At our hotel we were told that we could hire a limo driver at 60 riyals per hour to take us around the city and show us the sights, not that there are actually that many of them. The hotel taxis, which are limos, are more expensive than regular taxis, but they will stay with you. The problem in Doha is that there really are very few "normal" taxis, so hailing one outside the hotel to take us somewhere could have been difficult...
Of course, when I asked at the front desk if we could get a "tour taxi" at around 11:30, I was told that most places of interest close each day from 12:00-4:00, when it is hotter than hot... That included many of the restaurants in Waqif Souq, which is the best place close by to walk for food. In order to get some food, we would have to go to a mall, one of the big malls, and none were in walking distance...or we'd have to wait and eat expensively at the hotel...
We took a chance and started walking outside hoping to find a taxi. We got very very lucky. We took the taxi to the Villagio mall, a swanky new mall on the outskirts of town that the concierge told us was really great because of the ceiling....(?)
When we walked in, I saw what he meant...it's like the Truman show.

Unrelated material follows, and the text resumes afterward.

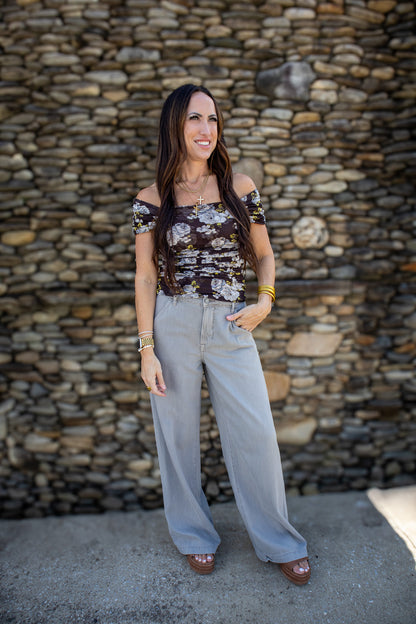 Fall Florals Mesh Cinched Top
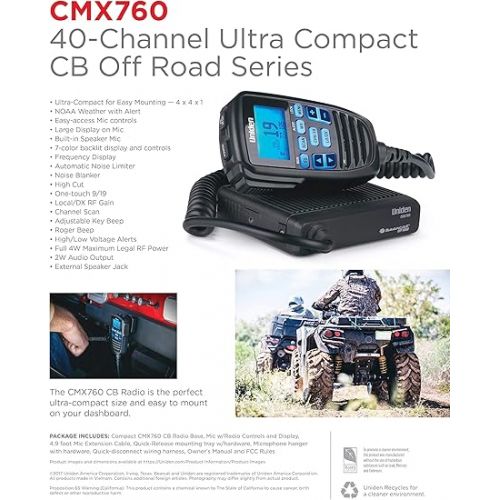  Uniden CMX760 Bearcat Off Road Series Compact Mobile CB Radio, 40-Channel Operation, Ultra-Compact for Easy Mounting, Large 7-Color Backlit LCD Display on Mic with Built-in Speaker Mic, Black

The mall is a model of Venice, complete with a canal and gondolas and a ceiling designed to look like the sky. Above every store are mock balconies as if you are really in a city. If you look on the wikitravel Doha page (http://wikitravel.org/en/Doha) you weill see a picture from inside the mall that I thought was an outdoor picture. If you follow the canal through the mall you arrive at...you guessed it...an Ice Rink! It's in the center of the food court where Kristen and I did what any true American would do after three weeks in Nepal and over 2 months away from home: We went to McDonalds and had Big Mac meals!
The mall was one of the most fascinating places I've ever been.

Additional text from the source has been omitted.